'We hope that Turkey is not trying to create some distance between us,' State Department spokesperson says
The U.S. hopes that the recent tension between the two countries defuses, the State Department spokeswoman Heather Nauert said on Thursday.
"We hope that Turkey is not trying to create some distance between us," Nauert told reporters in a daily press briefing at the state deparment.
The U.S. Embassy in Turkey announced Sunday it was suspending the issuance of non-immigrant visas to Turkish nationals following the arrest of Metin Topuz, a Turkish employee at the U.S. consulate in Istanbul.
In a retaliatory move, Turkey's Washington Embassy also suspended non-immigrant visa services.
Nauert asked the Turkish government for evidence after the arrest of two local staff at the U.S. missions in Turkey and that they be able to see their lawyers.
"We would hope for some calm and we would hope that we can have a dialogue with the government of Turkey, but we also have some very real concerns about whether or not Turkey intends to cooperate with the United States and -- in terms of its investigations," she said.
However Turkey's justice minister Abdulhamit Gul on the same day said that Turkey had not received a request from the U.S. authorities for evidence against Topuz.

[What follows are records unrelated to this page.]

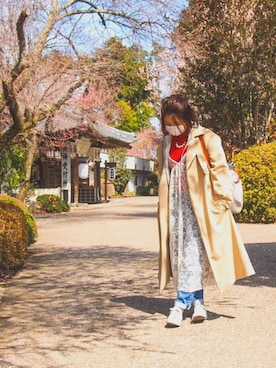 「CONVERSE（コンバース）のconverse（コンバース） ALL STAR OX（オールスターOX）（スニーカー）」を使った、こ け な つ ...さん（レディース・152cm）の春コーディネート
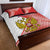 Custom Russia Volleyball Quilt Bed Set Reds Caesar Land Dynamic Style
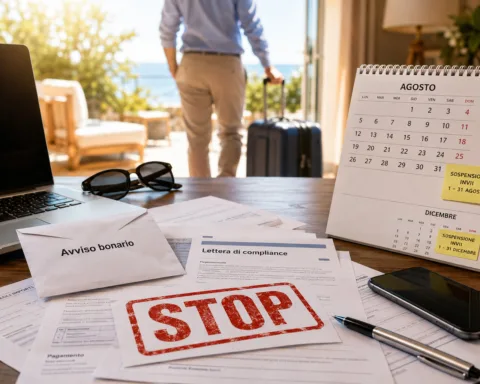 stop avvisi bonari e lettere compliance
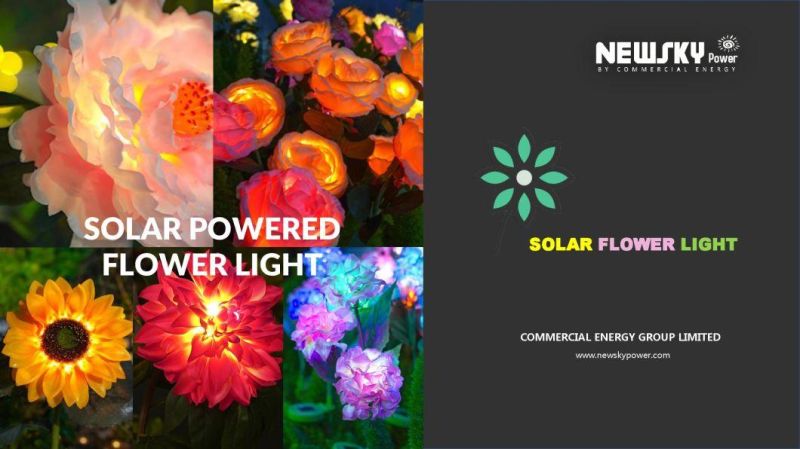 Colorful RGB Solar Calla Lily Shape LED Flower Light Outdoor LED Garden Light Waterproof Solar Garden Decoration Lamp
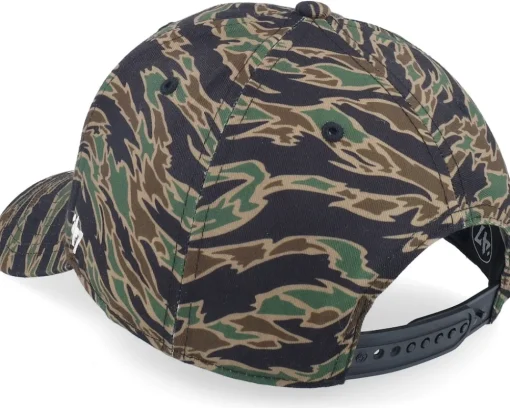 Adjustable-47 Brand Boston Red Sox Drop Zone Mvp Tiger Camo Adjustable -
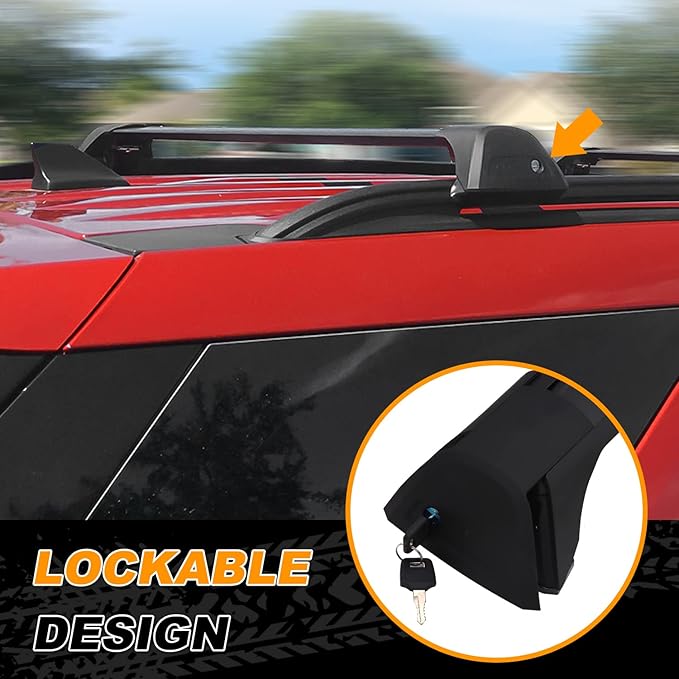 Snailfly 220lb Roof Rack Cross Bars Customized Fit for 2020-2025 2026 Ford Explorer, Adjustable Aluminum CrossBars with Lock, Rooftop Luggage Cargo Carrier Accessories for Kayak Bike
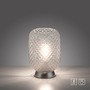 Stolní lampy dekorační - LD 14906-55 REISHI LED stolní lampa stříbrná hra světla rýhované čiré sklo šňůrový vypínač - LEUCHTEN DIREKT / JUST LIGHT - foto 8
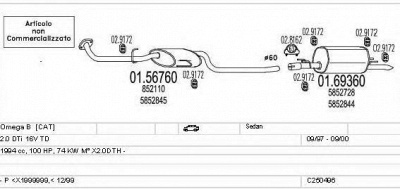 MTS c250496005694 -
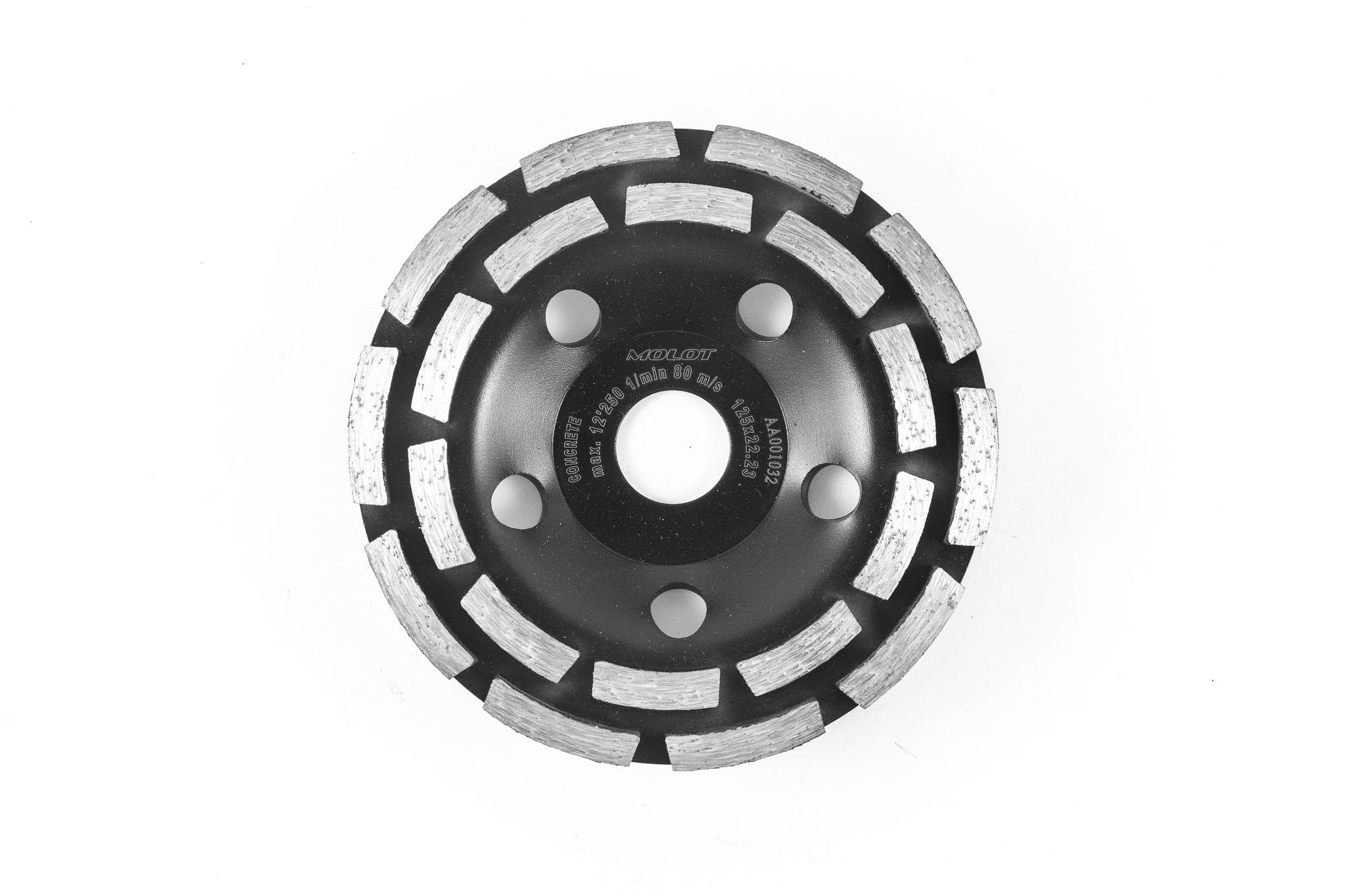 Чашка алмазная двухрядная 125х22,23 PRO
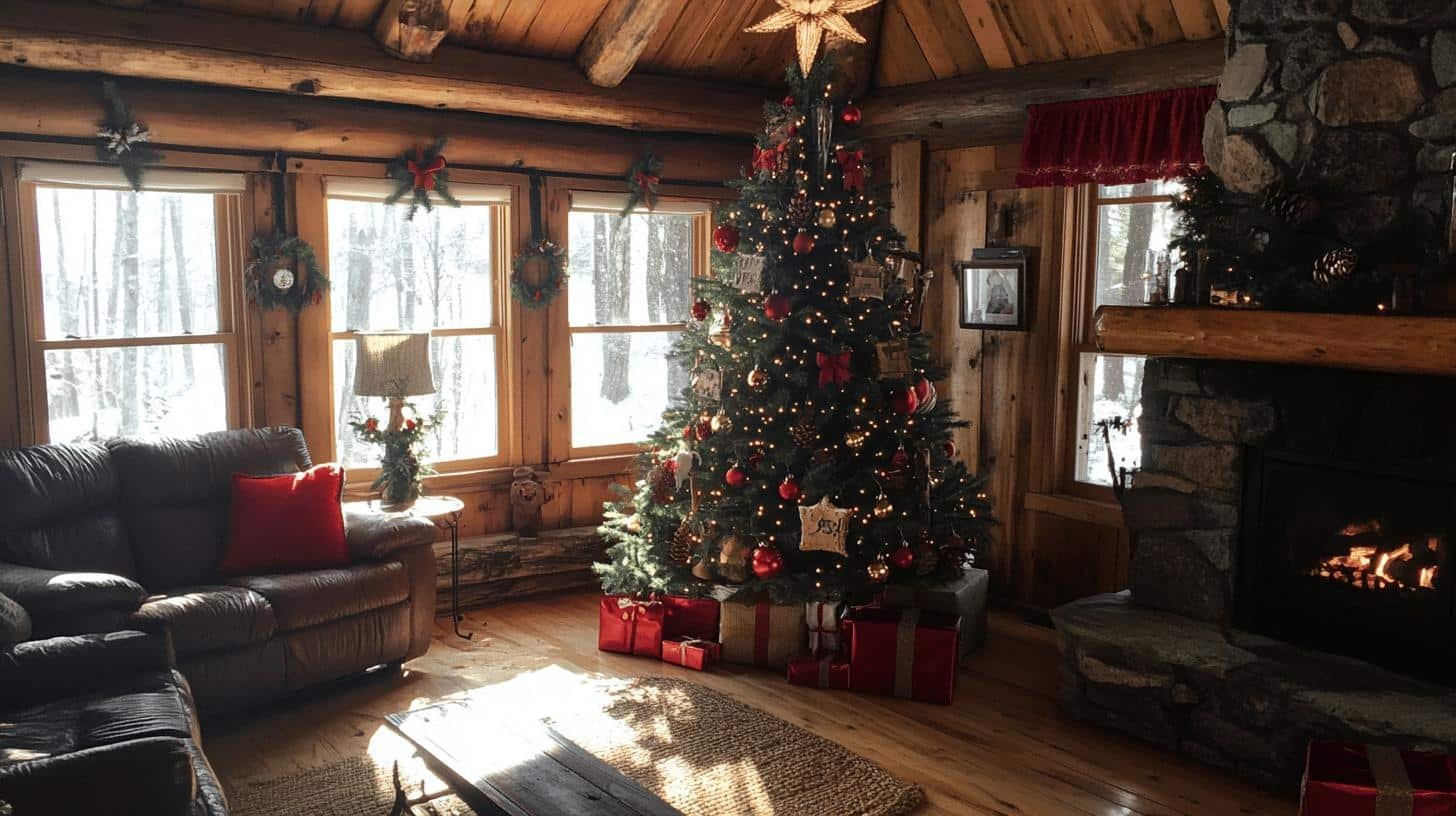 rustic decorations for Christmas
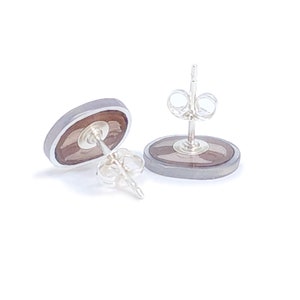 Sterling Silver Sloth Stud Earrings By Pickl Jewellery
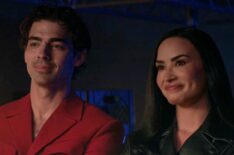 Joe Jonas and Demi Lovato in 'Camp Rock 3'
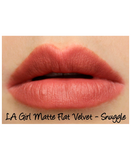 L.A.GIRL GLC812 MATTE FLAT VELVET LIPSTICK SNUGGLE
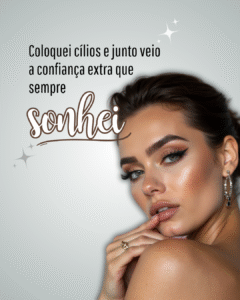 Frases para quem ama extensão de cílios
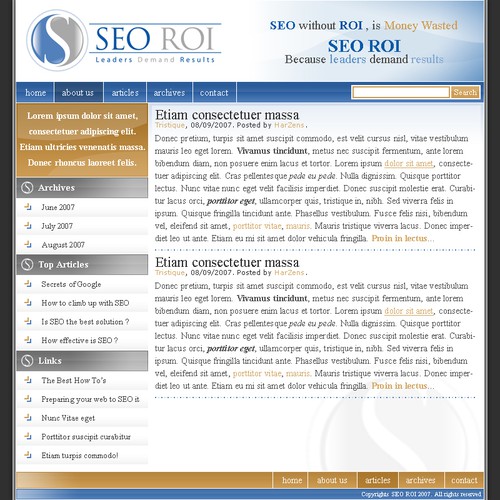 $355 WordPress design- SEO Consulting Site Design von AgustinSaldias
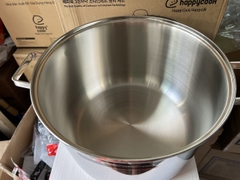 NỒI CAO INOX HAPPYCOOK 3 ĐÁY 28-30-32CM - SỬ DỤNG BẾP TỪ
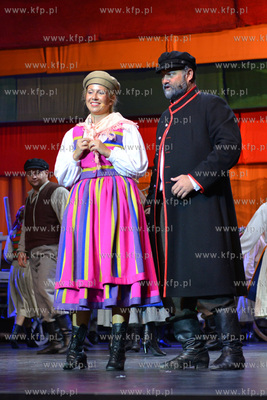 Proba medialna Chlopow w Teatrez Muzycznym w Gdyni....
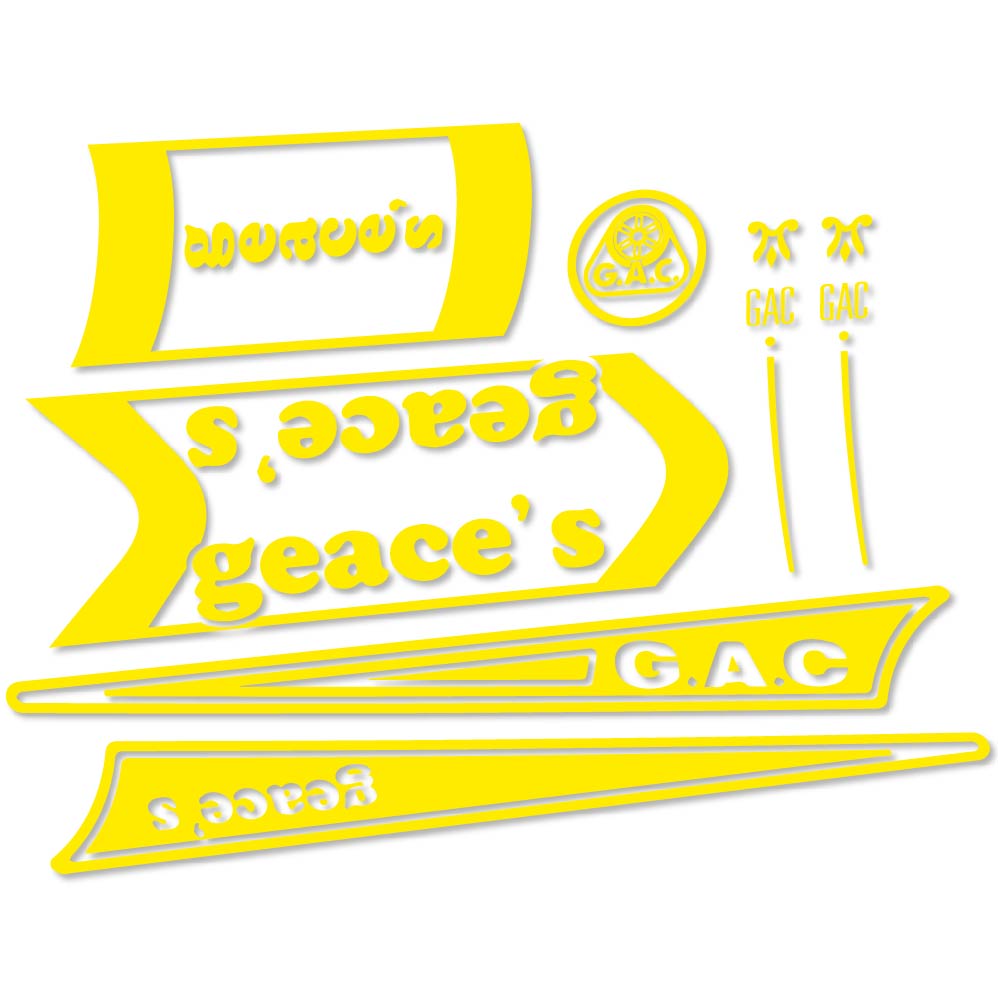 Stickers G.A.C. Geace's, vintage compatibles Autocollants Vintage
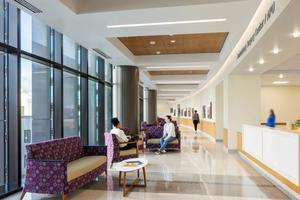 VA Hospital waiting room.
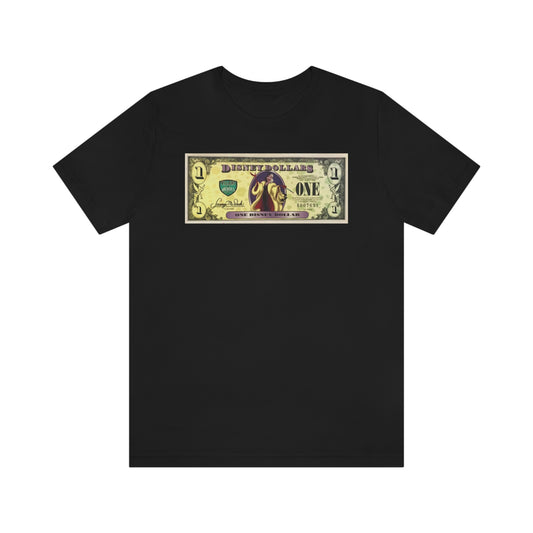 Unisex Jersey Short Sleeve Tee DISNEYLAND DOLLARS VILLAINS Cruella De Vil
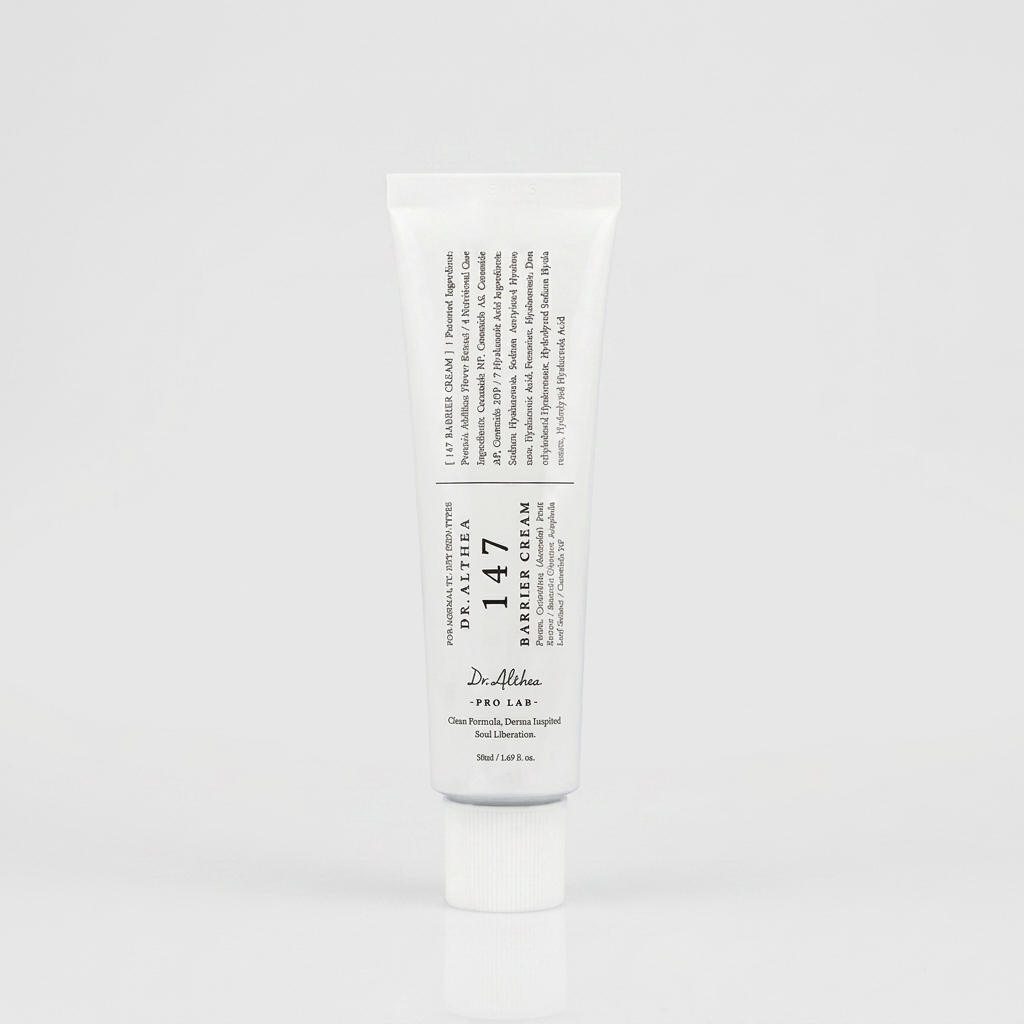 Barrier 147 Cream deeply hydrating, protecting, and strengthening the skin.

"There was no appeal to the prosecution till yesterday," Gul said. "If it [a demand from U.S Department of Justice on acquiring evidence regarding the charges] comes, we can always meet."
Topuz is suspected to be linked to the Fetullah Terrorist Organization (FETO) that Ankara accuses of being behind a defeated coup attempt in Turkey in July 2016, according to a judicial source.
Ankara says FETO and its U.S.-based leader, Fetullah Gülen, orchestrated the attempted coup, which killed 250 people and injured nearly 2,200.
Nauert also noted that the Secretary of State Rex Tillerson had spoken with his Turkish counterpart about the tension yesterday and "had lots of various conversations and meetings that have gone back and forth" between the parties.